The carts are smaller than originally proposed last fall. Republic Waste put a planned citywide rollout of a 95-gallon recycling cart program on hold after residents complained about the size of the carts and the corresponding increased fees whether they recycle or not.
Last October, water-utility bills increased 25 cents to help cover rising operating expenses for Republic, which collects Arlington's garbage and recycling. But the city did not implement a proposed 84-cent monthly fee increase for recycling since the project was put on hold.
Households participating in the pilot project, which is set to end March 31, will not pay additional fees, Melton said.
Some residents have told council members they support switching to the carts. But other residents, such as Carol Huckaby Daley, still worry about where they will store the larger carts and oppose paying additional fees that would come with a citywide rollout. Daley said her family uses two bins now, but is concerned about hauling a larger cart up and down her home's steep driveway.
"I don't like being charged to have the cart. They are big and they are cumbersome and they do take up a lot of space," said Daley, whose parents use the recycling carts in Fort Worth. "The idea of another tax is not something we appreciate."

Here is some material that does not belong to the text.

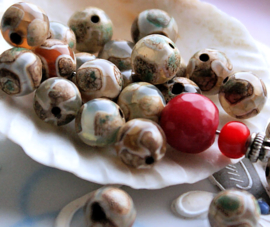 set/4 beads:  Agate - DZI spot - Round  - 8,2 mm - Celadon-Green and Off-White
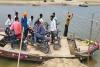 आजादी के 75 साल बाद गांव के लोगों को नसीब नहीं नदी पर पुल, नाव में सवार होकर भरवलिया बूथ पर पहुंचे मतदाता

Selected households will receive a letter explaining the pilot project as well as what materials are acceptable for recycling, Melton said. Republic Waste has been monitoring the use of recycling bins in the pilot project areas to compare recycling rates once the carts are distributed, according to a city staff report. Participants will also be asked to complete a survey at the end of the project.
The carts are part of Republic's proposed $10.8 million investment in an automated collection system that would include the construction of a compressed natural gas fueling station and an upgrade to new collection trucks that run on the cleaner-burning fuel.